____ Task input

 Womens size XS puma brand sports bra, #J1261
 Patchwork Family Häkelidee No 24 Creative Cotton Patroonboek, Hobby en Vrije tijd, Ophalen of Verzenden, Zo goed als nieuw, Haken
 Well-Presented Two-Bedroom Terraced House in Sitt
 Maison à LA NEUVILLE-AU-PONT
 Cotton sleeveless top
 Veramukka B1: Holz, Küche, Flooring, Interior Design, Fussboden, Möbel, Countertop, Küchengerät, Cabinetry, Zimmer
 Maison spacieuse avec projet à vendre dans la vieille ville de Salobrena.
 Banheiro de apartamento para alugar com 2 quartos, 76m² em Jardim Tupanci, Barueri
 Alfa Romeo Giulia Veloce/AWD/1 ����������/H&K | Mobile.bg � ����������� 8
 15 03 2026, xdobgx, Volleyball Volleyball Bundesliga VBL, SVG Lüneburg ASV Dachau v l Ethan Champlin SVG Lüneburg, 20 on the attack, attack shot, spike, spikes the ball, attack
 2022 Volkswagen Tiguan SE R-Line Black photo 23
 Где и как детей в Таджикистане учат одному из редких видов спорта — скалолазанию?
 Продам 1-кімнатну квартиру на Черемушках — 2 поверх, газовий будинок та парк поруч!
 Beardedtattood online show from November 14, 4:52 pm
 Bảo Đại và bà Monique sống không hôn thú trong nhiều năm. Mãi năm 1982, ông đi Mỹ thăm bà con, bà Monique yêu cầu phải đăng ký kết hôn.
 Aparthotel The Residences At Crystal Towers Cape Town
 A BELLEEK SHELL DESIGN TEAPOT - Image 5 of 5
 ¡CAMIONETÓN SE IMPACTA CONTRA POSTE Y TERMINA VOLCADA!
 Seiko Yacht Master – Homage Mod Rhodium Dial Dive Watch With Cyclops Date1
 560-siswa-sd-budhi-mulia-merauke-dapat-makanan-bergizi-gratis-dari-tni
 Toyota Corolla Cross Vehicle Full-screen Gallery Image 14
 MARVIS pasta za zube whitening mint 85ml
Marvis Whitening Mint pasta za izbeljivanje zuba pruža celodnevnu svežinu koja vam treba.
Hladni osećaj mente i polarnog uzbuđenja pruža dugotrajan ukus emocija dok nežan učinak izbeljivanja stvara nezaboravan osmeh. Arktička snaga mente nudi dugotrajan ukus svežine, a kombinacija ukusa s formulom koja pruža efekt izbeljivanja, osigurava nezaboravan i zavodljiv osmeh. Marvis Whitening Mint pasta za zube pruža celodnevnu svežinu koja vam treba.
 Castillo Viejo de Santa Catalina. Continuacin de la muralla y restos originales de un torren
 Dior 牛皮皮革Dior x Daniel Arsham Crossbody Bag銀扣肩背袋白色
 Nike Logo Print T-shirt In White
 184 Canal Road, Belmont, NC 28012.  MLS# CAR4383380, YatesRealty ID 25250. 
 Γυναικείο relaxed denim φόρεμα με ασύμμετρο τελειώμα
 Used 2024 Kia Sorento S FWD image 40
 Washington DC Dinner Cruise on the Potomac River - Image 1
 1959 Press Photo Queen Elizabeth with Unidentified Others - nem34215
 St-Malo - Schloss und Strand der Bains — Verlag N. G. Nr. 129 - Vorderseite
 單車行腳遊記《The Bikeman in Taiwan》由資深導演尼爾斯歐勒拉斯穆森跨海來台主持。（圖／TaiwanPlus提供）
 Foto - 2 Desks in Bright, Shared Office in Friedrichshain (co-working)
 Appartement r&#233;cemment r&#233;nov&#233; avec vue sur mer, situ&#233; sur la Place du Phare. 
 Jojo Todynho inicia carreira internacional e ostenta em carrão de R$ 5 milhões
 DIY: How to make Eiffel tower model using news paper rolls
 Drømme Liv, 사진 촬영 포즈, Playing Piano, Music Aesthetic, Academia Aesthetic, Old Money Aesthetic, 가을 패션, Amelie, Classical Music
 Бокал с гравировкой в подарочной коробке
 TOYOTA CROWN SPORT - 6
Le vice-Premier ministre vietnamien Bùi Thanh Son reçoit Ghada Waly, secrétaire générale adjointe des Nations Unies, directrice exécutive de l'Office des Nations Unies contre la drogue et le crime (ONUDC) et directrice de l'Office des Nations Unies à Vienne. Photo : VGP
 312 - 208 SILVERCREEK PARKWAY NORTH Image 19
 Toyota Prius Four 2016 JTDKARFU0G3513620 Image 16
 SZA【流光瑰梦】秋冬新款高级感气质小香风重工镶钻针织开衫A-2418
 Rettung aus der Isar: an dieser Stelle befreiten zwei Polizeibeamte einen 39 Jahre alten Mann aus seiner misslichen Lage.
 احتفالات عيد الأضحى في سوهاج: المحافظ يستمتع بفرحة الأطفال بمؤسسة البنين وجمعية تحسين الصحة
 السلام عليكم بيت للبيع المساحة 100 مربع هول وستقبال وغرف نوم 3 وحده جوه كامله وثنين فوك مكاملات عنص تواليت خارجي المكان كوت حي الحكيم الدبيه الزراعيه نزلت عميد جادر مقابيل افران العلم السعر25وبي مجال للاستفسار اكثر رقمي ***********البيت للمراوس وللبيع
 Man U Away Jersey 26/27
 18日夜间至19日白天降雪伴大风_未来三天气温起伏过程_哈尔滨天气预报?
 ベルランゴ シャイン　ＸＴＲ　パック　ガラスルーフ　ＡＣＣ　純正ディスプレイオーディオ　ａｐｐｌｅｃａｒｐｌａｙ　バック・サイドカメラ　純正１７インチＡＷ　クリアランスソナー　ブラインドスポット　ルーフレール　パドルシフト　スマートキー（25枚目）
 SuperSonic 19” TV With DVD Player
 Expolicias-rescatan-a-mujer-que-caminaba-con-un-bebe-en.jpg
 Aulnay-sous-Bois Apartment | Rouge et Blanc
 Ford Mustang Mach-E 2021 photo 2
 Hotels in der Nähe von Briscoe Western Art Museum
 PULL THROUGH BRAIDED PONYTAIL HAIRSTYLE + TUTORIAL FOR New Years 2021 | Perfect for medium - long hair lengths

________

> **Your objective**: Beginning with the first line of the entries, repeat each line exactly until you have reproduced the one containing "Veramukka B1: Holz, Küche, Flooring, Interior", and add nothing further.

> **Answer for this exercise**:
 Womens size XS puma brand sports bra, #J1261
 Patchwork Family Häkelidee No 24 Creative Cotton Patroonboek, Hobby en Vrije tijd, Ophalen of Verzenden, Zo goed als nieuw, Haken
 Well-Presented Two-Bedroom Terraced House in Sitt
 Maison à LA NEUVILLE-AU-PONT
 Cotton sleeveless top
 Veramukka B1: Holz, Küche, Flooring, Interior Design, Fussboden, Möbel, Countertop, Küchengerät, Cabinetry, Zimmer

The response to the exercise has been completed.